About the album

Chris Robison and his Many Hand Band, released privately in 1973 and reissued now on CD for the first time, was one of the world’s first records by an openly gay songwriter. Coming just a few years after the Stonewall Riots of 1969, Many Hand Band is a dazzling feat of musical daring. But Chris Robison is not just a pioneering gay musician, he is an all-pervasive presence in New York rock from the late 60s onwards, having played with everyone fron Elephant’s Memory and Steam to Kiss, the New York Dolls, John Phillips and Bob Dylan.

Not only that, Many Hand Band is a totally free wheeling and unique album, coalescing all the sensory overload of downtown New York City life in the early 70s. It touches on folk, psychedelia, rock, Latin funk and more, all filtered through Robison’s sly and cheeky personality. There is no “woe is me” self-pity here, just an uplifting sense of fun and natural self-expression. Recorded almost totally by Chris himself late at night in a cut rate studio, Many Hand Band is one of the few remaining undiscovered classics from the period, gay or otherwise. As friend Angie Bowie says, “Many Hand Band is a musical history of alternative sexualities...Chris’ bisexual stance and pretty pout invigorated rock’n’roll.”

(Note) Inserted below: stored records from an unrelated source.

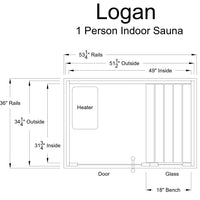 Logan 1 Person Indoor Sauna in Rustic Red Cedar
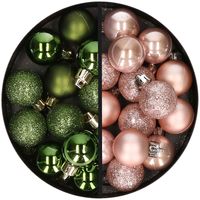 34x stuks kunststof kerstballen groen en lichtroze 3 cm - thumbnail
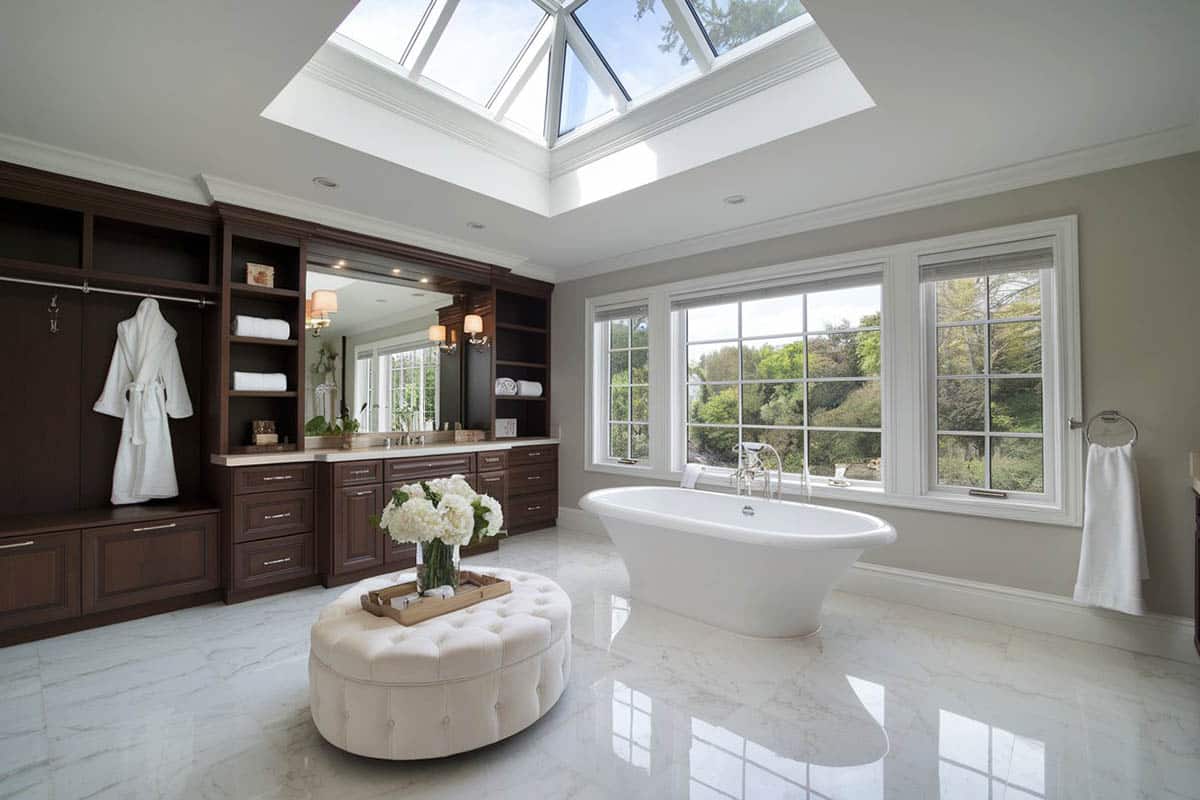 Contemporary bathroom with freestanding acrylic tub, skylight and tufted ottoman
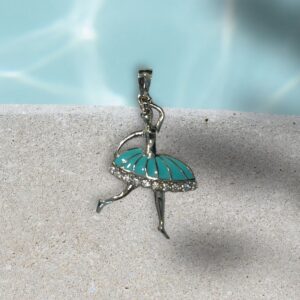 Girl Dancing Enamel Turquoise Blue Pendant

It’s difficult to appreciate now, more than thirty-five years later, how daring and how ground-breaking songs like Looking For A Boy Tonight and Italian Boy were on their release. In the album’s comprehensive liner notes, filled with rare photos and a frank interview with Chris, he talks of RCA records turning him down because they didn’t want another “faggot” on their roster (aside from Lou Reed and David Bowie). Meanwhile he became a poster boy for the burgeoning gay lib movement, playing Washington Square Park with Bette Midler in front of thousands in 1973.

After Many Hand Band and its followup Manchild (to be released by Chapter Music in 2010) Chris would go on to play with pre-Kiss group Wicked Lester, as well as join the New York Dolls for their Japanese tour of 1975. His later band Stumblebunny toured Europe supporting the Hollies and wrote their later hit Stormy Waters. In the 1980s Chris turned his life around, settling down to get married and raise two children, who claimed none other than Peter Allen as their godfather. Bonus tracks come from a rare single, released in 1974 on Buddah Records, featuring the all-time-shoulda-beena classic I’m Gonna Stay With My Baby Tonight, subsequently covered by Ronnie Spector and George McCrae, and a European hit for soul singer Tony Sherman. It’s a wild and fascinating story, but Many Hand Band contains the seeds of it all – all the hedonism, passion and beauty of Chris Robison’s life condensed into one incredible record.